DEAN
CARL C.
ENGBERG
Dean of Men
OR
over a third of a century I have as a student or
teacher in the University, watched its remarkable
progress and growth materially, intellectually,
morally. In the early days, the University was
extremely poor, but under the leadership of a few
great men, it was making the most of its meager
resources, and was laying a firm foundation for
substantial and unlimited future growth. Lack of
equipment and shortage of teachers often made it
almost impossible to secure good work because of the
impossibility of reaching the less capable or the
unwilling.

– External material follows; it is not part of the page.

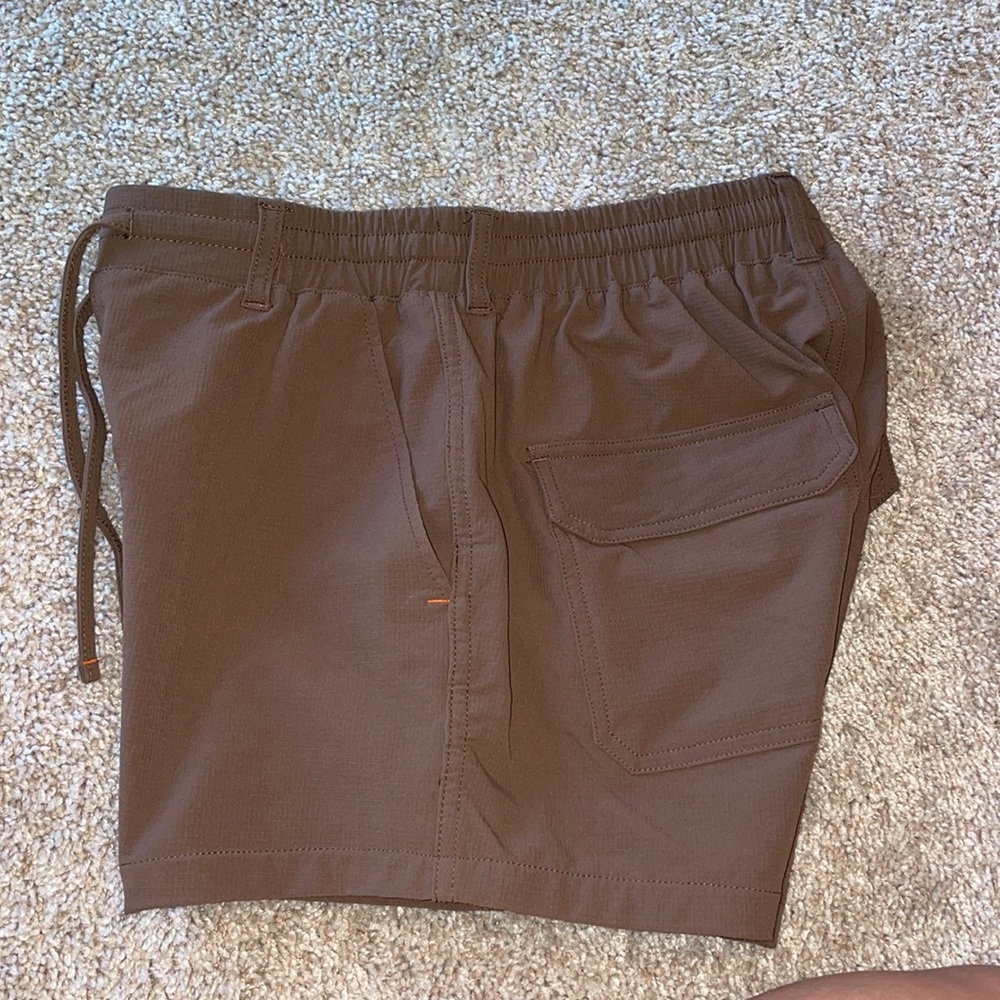 Coala Tree - Women’s Trailhead shorts Size Small-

Conditions are still far from ideal, but
they are surely improving with every passing year.
Though the growth in the past has been great, it
should be far greater in the near future, and we will
before long have an equipment and a teaching staff
adequate to all our needs. Beautiful buildings and
elaborate equipment, however, do not make a great
university, but they make good work possible. Many
teachers do not make up for quality of teaching, but
they make it possible to give the personal instruction
and inspiration to the individual which has in the
past been too often denied him.
Equipment and teachers, though,
however great they may be, are powerless unless they
have the cooperation of an earnest, intelligent and
energetic student body. Scholarship is now honored as
never before. It is coming to be recognized as a
requirement without which there is no entry to
athletics, to fraternities, to student activities, in
short, to all the avenues of activity that loom so
large and attractive before the eyes and imagination
of the young men and women of today. The strong
student who a few years ago was sneered at, is now
coming into his own; the society drone, who once was
considered so desirable, is now being rapidly
eliminated; and there is being developed an atmosphere
of such spiritual and moral power as to make the
University the greatest single force for good in the
State. Fortunate indeed are they who are privileged to
have a part in this epoch-making progress.